→ **WHAT TO WORK ON**: Without the pictures, retype exactly the lines from the top of the entries below through the line that contains "PrimeBeau Thicker Jacquard".

*** RECORDS FOR THE TASK Section Begins ***

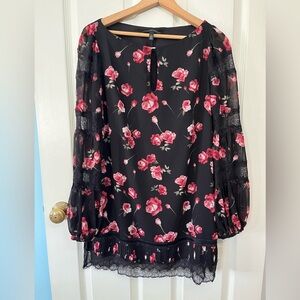 White House Black Market Dress Black Floral Sheet Sleeves with Lace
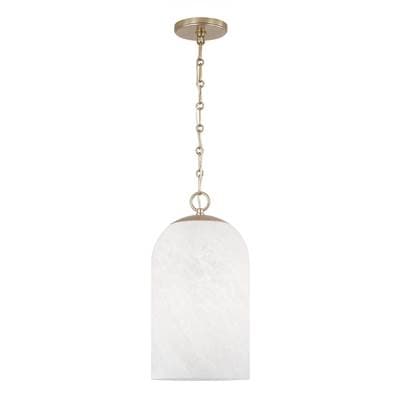 Capital Lighting 9'' W X 18'' H 1-Light Capsule Pendant in Matte Brass with Faux Alabaster Glass...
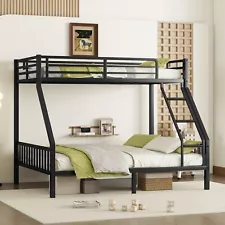 Miscoos Twin XL Over Queen Metal Bunk Bed with Ladder and Slats Support, Heav...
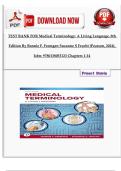TEST BANK FOR Medical Terminology&colon; A Living Language&comma; 8th Edition by Bonnie F&period; Fremgen Suzanne S Frucht &lpar;Pearson&comma; 2024&rpar;&comma; Isbn&colon; 9780138053123 Chapters 1-14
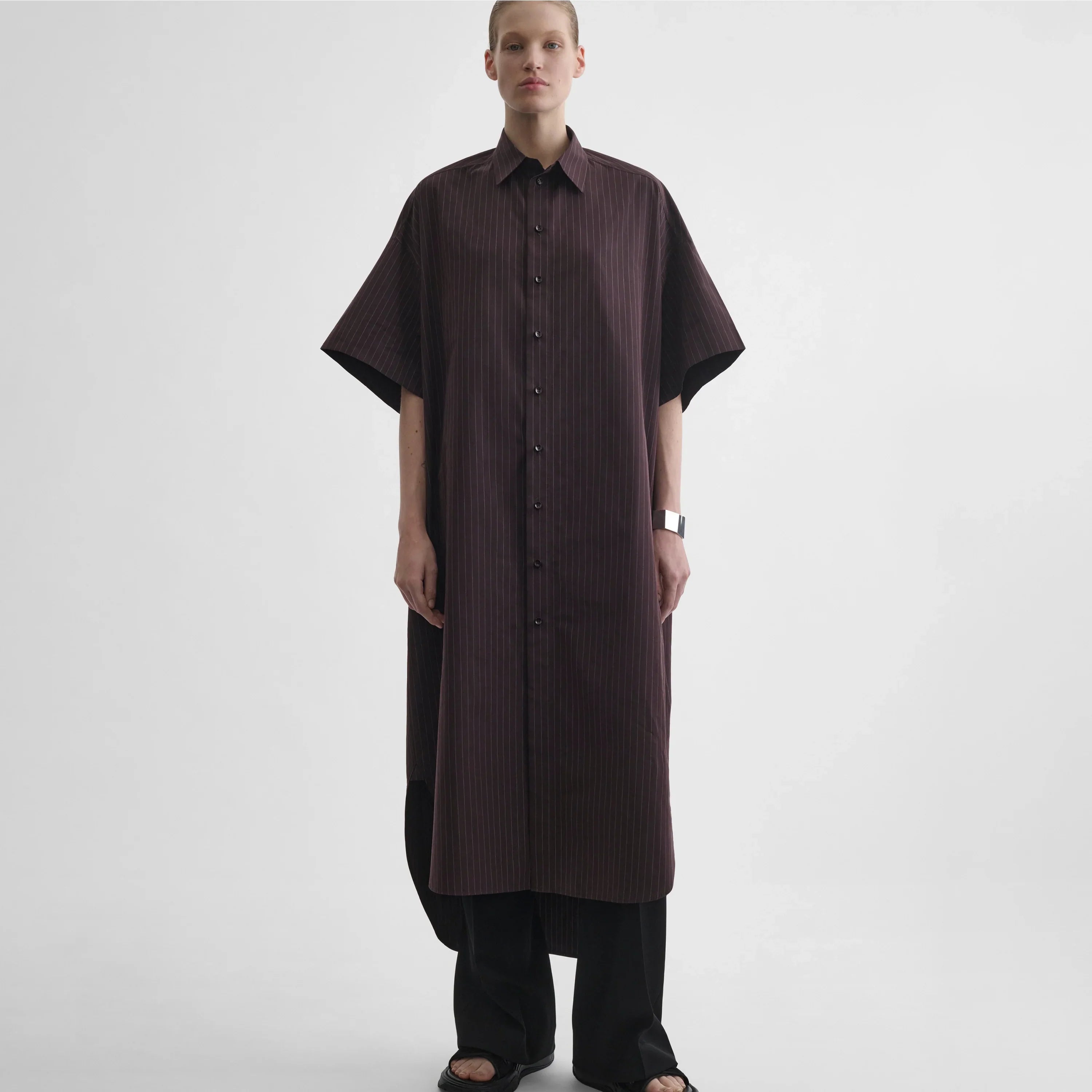 LONG SHIRT DRESS | black cherry cotton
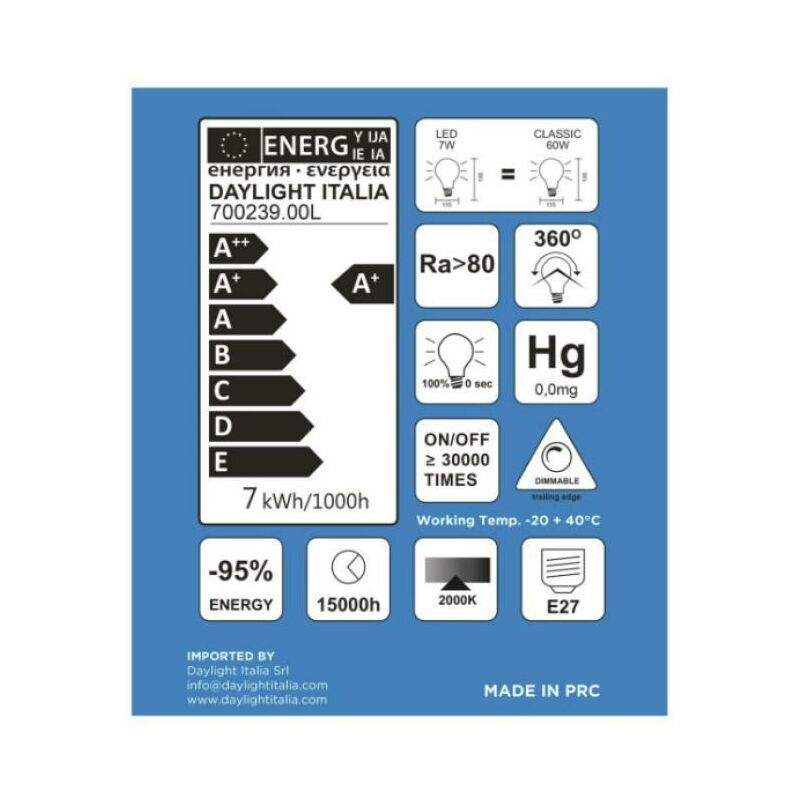 LUEDD Lampadina LED E27 dimmerabile R63 6.2W 520 lm 2700K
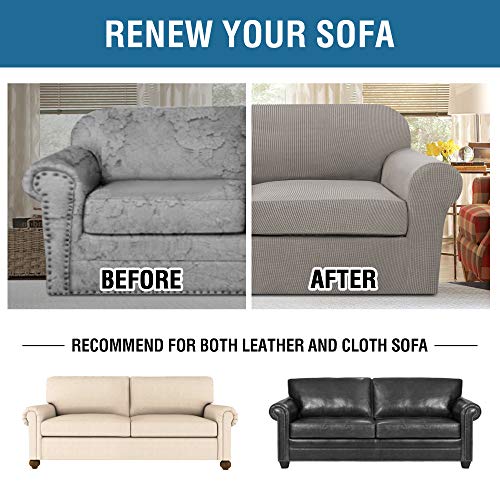 PrimeBeau Thicker Jacquard Fabric 3 Pieces Loveseat & Oversize Loveseat Covers for 2 Cushion Sofa Couch Slipcovers (Base Cover Plus 2 Seat Cushion Covers)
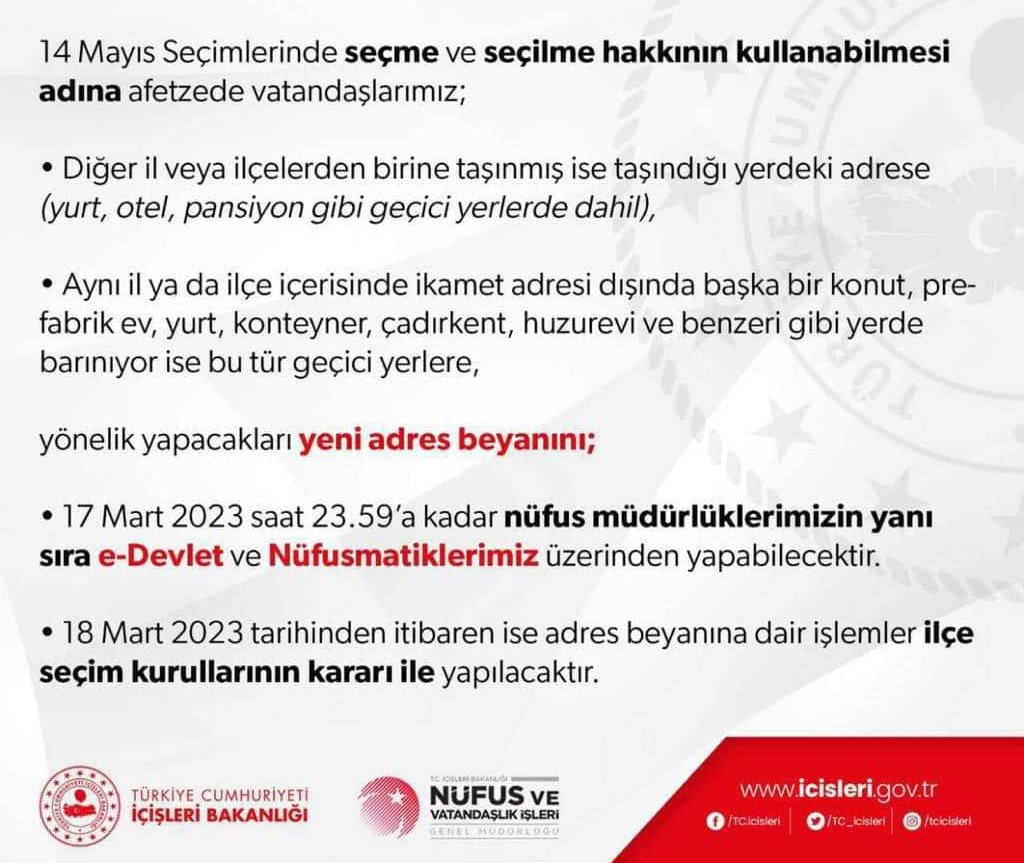 siyahkartus's tweet photo. Bakanlık bizlere 1 hafta içerisinde adres değişikliğinizi yapın, yapmazsanız yaşadığınız ilçe seçim kurulunun kararı olmadan oy kullanamazsınız diyor. Ben dahil pek çok kişi ne yapacağını, nerede iş bulacağını, nerede yaşayacağını bilmiyor. Olmayan adresimizi nasıl beyan edelim? https://t.co/5mWoFeYw0S
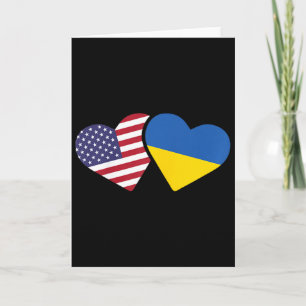 Ukraine USA-Flaggen-T-Shirt Herz Ukrainisch-Amerik Karte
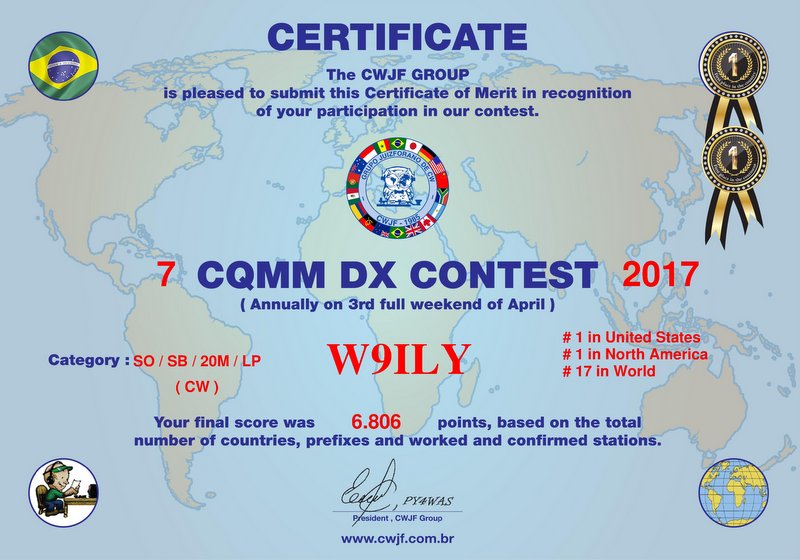 W9ILY CQMM #1 NA 20M LP 2017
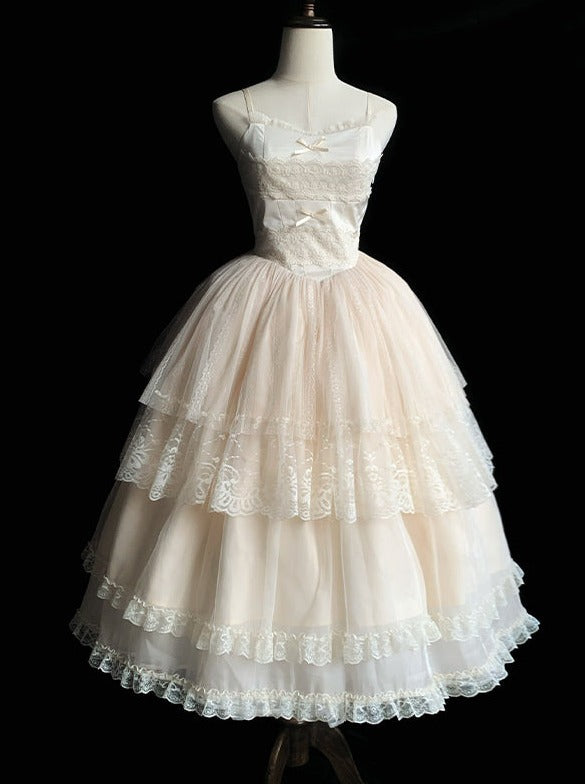 【予約商品】ピュアホワイトガーリーロリータドレス＋カーディガン＋インナートップス＋ベール＋スリーブ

*** RECORDS FOR THE TASK Section Ends ***

→ **RESPONSE**:
 White House Black Market Dress Black Floral Sheet Sleeves with Lace
 Capital Lighting 9'' W X 18'' H 1-Light Capsule Pendant in Matte Brass with Faux Alabaster Glass...
 Miscoos Twin XL Over Queen Metal Bunk Bed with Ladder and Slats Support, Heav...
TEST BANK FOR Medical Terminology&colon; A Living Language&comma; 8th Edition by Bonnie F&period; Fremgen Suzanne S Frucht &lpar;Pearson&comma; 2024&rpar;&comma; Isbn&colon; 9780138053123 Chapters 1-14
 LONG SHIRT DRESS | black cherry cotton
 LUEDD Lampadina LED E27 dimmerabile R63 6.2W 520 lm 2700K
 PrimeBeau Thicker Jacquard Fabric 3 Pieces Loveseat & Oversize Loveseat Covers for 2 Cushion Sofa Couch Slipcovers (Base Cover Plus 2 Seat Cushion Covers)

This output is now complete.